Encounters come in two types.

Combat encounters are battles against nefarious foes. . .

Noncombat encounters include deadly traps, difficult puzzles, and other obstacles to overcome. . . Noncombat encounters also include social interactions, such as attempts to persuade, bargain with, or obtain information from a nonplayer character (NPC) controlled by the DM. Whenever you decide that your character wants to talk to a person or monster, it’s a noncombat encounter. . .

Between encounters, your characters explore the world. . .​

And also PHB pp 258-60:

Encounters are where the action of the D&D game takes place, whether the encounter is a life-or-death battle against monstrous foes, a high-stakes negotiation with a duke and his vizier, or a death-defying climb up the Cliffs of Desolation. . .

In an encounter, either you succeed in overcoming a challenge or you fail and have to face the consequences. . .

Two kinds of encounters occur in most D&D adventures: combat and noncombat encounters. . .

A significant part of D&D adventures is exploration, which takes place between encounters.​

I don't think that this is, by any means, the best-written RPGing advice ever. The treatment of similar issues in the Burning Wheel Adventure Burner, for example, is in my view a lot better. But I think the general intent is fairly clear. I also think it's pretty obvious that if (for example) the conversation with the two guards at the city gate isn't just the GM making the players play out the scene for the sake of it, but in order (let's say) to discover whether the PCs' enemy already entered the town, then Wyatt (and the game rules) have no objection to playing out the scene - it would be a non-combat encounter of the sort described on page 9 of the PHB. (The game even has a suggested mechanic - skill challenges - although it doesn't give very much advice on how to use it, or when to rely instead on a simple skill check.)

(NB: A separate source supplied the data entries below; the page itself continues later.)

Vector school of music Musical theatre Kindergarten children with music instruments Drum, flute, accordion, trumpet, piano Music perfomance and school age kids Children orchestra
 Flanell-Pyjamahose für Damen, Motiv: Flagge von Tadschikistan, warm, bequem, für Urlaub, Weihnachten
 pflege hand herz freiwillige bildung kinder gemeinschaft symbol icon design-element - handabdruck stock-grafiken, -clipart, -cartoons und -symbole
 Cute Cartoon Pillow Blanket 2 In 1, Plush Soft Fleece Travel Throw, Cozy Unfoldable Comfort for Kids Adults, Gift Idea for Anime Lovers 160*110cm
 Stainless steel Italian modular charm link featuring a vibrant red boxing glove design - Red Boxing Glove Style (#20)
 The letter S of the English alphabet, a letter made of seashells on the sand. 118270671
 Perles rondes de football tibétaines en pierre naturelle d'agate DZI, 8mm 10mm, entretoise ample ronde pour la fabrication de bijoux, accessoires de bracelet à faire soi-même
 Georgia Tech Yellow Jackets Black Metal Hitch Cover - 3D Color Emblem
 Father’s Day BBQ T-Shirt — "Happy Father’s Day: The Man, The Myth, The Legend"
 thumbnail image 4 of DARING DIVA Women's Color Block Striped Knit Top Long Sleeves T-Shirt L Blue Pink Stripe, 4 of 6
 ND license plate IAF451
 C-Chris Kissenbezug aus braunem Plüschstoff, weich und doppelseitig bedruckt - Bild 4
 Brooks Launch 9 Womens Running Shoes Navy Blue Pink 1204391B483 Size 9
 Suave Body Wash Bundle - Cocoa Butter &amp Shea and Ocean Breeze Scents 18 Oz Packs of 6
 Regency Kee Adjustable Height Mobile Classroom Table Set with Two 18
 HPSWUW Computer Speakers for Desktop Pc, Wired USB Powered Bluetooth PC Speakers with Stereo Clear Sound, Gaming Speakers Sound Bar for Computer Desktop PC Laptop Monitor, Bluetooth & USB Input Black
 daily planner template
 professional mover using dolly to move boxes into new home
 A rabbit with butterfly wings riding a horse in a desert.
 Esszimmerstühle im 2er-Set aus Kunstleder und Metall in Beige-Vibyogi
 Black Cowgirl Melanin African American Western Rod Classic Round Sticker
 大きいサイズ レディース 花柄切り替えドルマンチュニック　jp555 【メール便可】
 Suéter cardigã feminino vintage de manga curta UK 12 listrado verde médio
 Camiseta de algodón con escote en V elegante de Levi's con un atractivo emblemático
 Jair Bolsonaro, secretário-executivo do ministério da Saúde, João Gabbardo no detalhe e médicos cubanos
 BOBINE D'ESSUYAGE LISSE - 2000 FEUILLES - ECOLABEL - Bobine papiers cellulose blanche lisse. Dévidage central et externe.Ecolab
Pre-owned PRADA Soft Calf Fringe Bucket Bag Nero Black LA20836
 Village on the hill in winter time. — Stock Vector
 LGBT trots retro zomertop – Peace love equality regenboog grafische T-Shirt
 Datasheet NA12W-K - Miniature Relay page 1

For me, at least, given WotC's access to extensive market research compared to most other RPG publishers past and present, Wyatt's coments give rise to a question: did Wyatt (or WotC) have reason to think that potential players of D&D were being put off by GMs who insisted on resolving every single piece of exploration via a full application of the action resolution mechanics? (Adventure Paths also depend upon hard scene-framing - they just go about it in a slightly different way from that suggested by Wyatt.)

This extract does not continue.